Na primeira declaração à imprensa, nas vestes de número 2 de José Eduardo dos Santos, João Lourenço dizia que as "brincadeiras" tinham os dias contados.
"Temos de imprimir a necessidade de haver maior rigor, maior disciplina, em todo o trabalho que realizarmos. Portanto, brincadeira é brincadeira, trabalho é trabalho, e temos de levar o trabalho a sério", sublinhou então.
Não demorou muito tempo para João Lourenço ser apresentado, a 3 de fevereiro de 2017, como o cabeça de lista às eleições gerais daquele ano, pelo então líder do MPLA, José Eduardo dos Santos, que cinco meses antes da indicação de JLo como vice-presidente, confirmava a sua despedida perante a cúpula dirigente presente na XI reunião do Comité Central do Bureau Político: "Caros camaradas, tomei a decisão de deixar a atividade política ativa em 2018."
Realizadas as eleições gerais de 2017, João Lourenço é declarado vencedor. Toma posse a 26 de setembro e, 51 dias depois, faz uma exoneração inesperada, afastando a filha do seu antecessor, Isabel dos Santos, do cargo de presidente do conselho de administração da petrolífera estatal Sonangol.

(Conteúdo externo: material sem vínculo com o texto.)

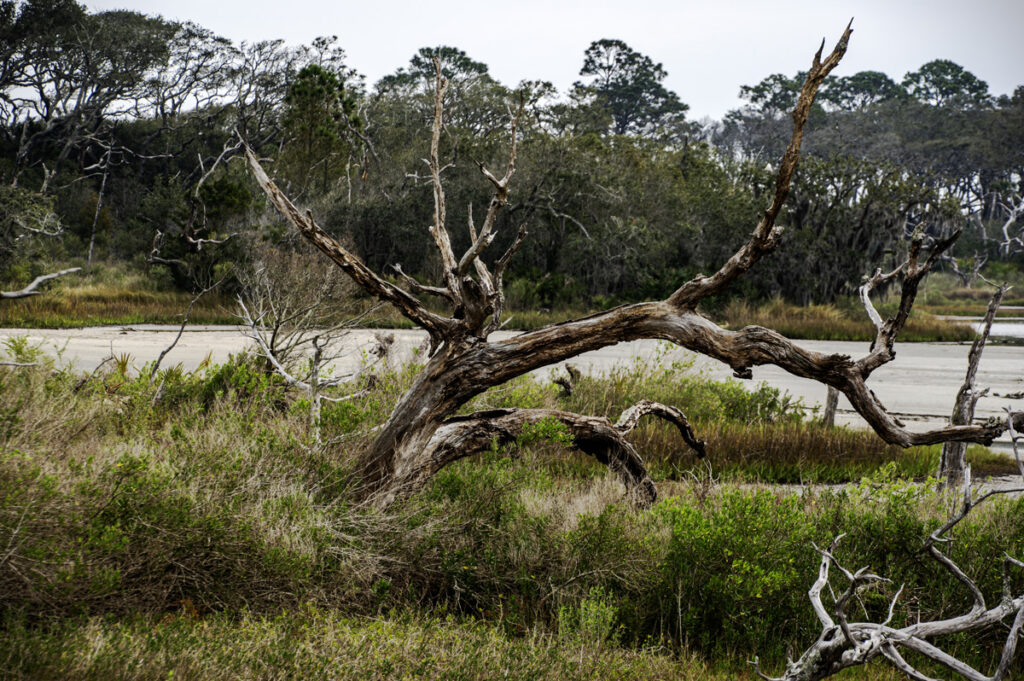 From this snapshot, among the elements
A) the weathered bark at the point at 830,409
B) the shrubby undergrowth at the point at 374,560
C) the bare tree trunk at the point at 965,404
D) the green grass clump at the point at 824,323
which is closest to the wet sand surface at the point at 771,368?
the weathered bark at the point at 830,409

No mesmo dia, ordenou a rescisão do contrato entre a Televisão Pública de Angola (TPA) e a empresa Semba Comunicações, detida por Welwítschia "Tchizé" dos Santos e José Paulino dos Santos "Coreon Dú", para a gestão do Canal 2.
Passados quase dois meses, a 10 de janeiro de 2018, João Lourenço volta a afastar outro filho de José Eduardo dos Santos, José Filomeno dos Santos "Zénu", da gestão do Fundo Soberano de Angola (FSDEA). Em março de 2018, a Procuradoria-Geral da República (PGR) anuncia que foram constituídos arguidos Zénu dos Santos, o ex-governador do BNA, Walter Filipe, o então chefe do Estado-Maior-General das FAA, general Sachipengo Nunda, e o então porta-voz do MPLA, Norberto Garcia.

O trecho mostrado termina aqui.